Eight months after opening its first out-of-state branch, Hudson City Bancorp of Jersey City is set to start adding more at a furious pace.
Flush with nearly $4 billion from a record-shattering stock sale this month, the $21.1 billion-asset company is thinking about entering or expanding in a long list of markets in Connecticut, New York, and Pennsylvania. It has also earmarked a number of New Jersey markets for growth.
It expects to open 10 to 15 branches a year for the "foreseeable future," said Ronald E. Hermance Jr., its chairman, president, and chief executive officer. "We're in the sweet spot," he said. The money from the conversion "just fuels our strategy."
Hudson City, founded as a mutual thrift in 1868, converted to a mutual holding company in July 1999, selling a 47% ownership stake to the public for $528 million.
It completed its public offering 10 days ago. In a second-step conversion, it sold the 53% ownership stake it had held as a mutual holding company, netting a whopping $3.93 billion.
That was the seventh-largest public offering in history, and the largest ever by a banking company, according to Ben A. Plotkin, the chairman and CEO of Ryan Beck & Co., which managed the sale.

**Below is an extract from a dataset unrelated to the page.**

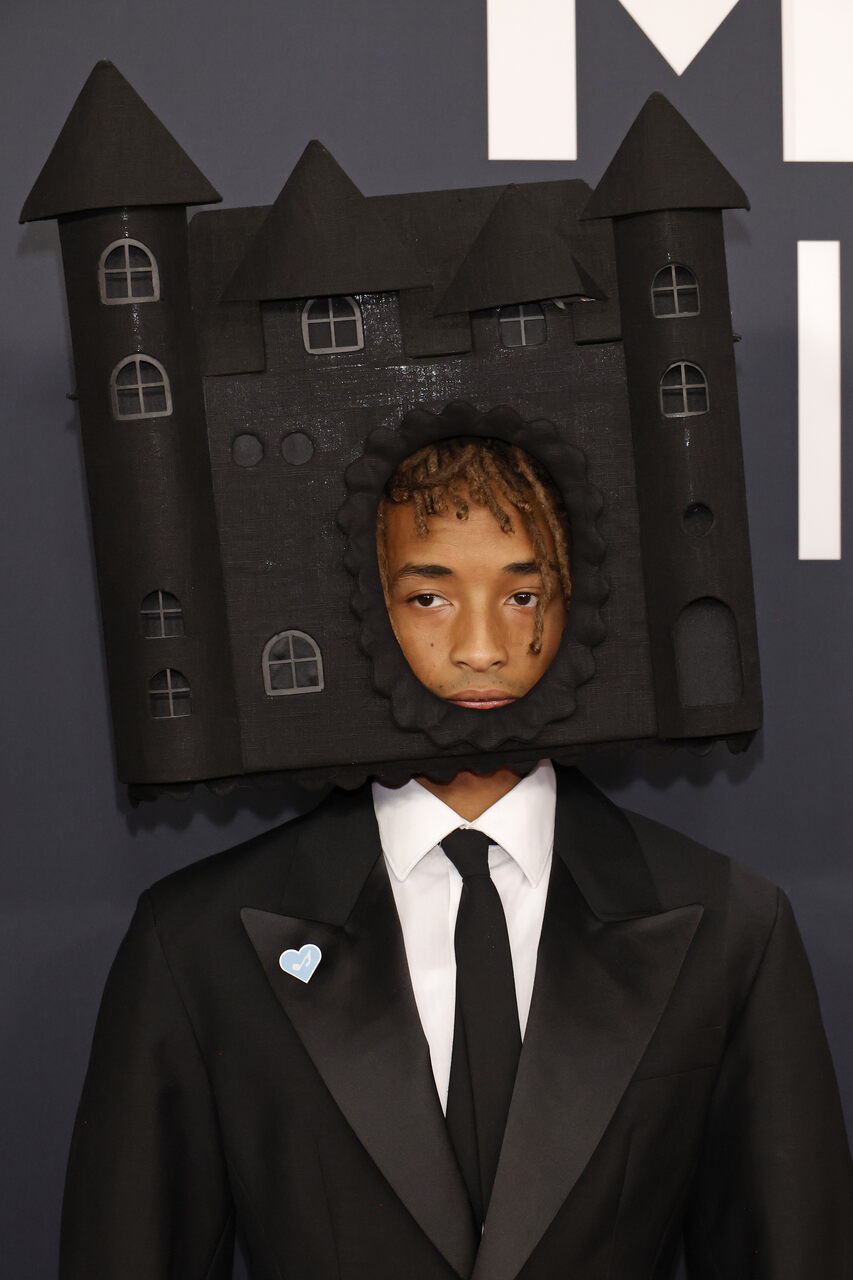 jaden smith castillo en la cabeza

In October the 147-year-old Hudson City Savings, its only bank, opened its first out-of-state branch, in Southold, N.Y., on New York's Long Island. When that branch proved successful, the company followed with plans for two more, in the New York City borough of Staten Island.
The Northeast corridor, in which Hudson City plans to expand, is one of the most competitive banking markets in the country. It has already seen significant branching by a number of companies, including Bank of America Corp. of Charlotte; Commerce Bancorp Inc. of Cherry Hill, N.J.; Webster Financial Corp. of Waterbury, Conn.; and North Fork Bancorp of Melville, N.Y.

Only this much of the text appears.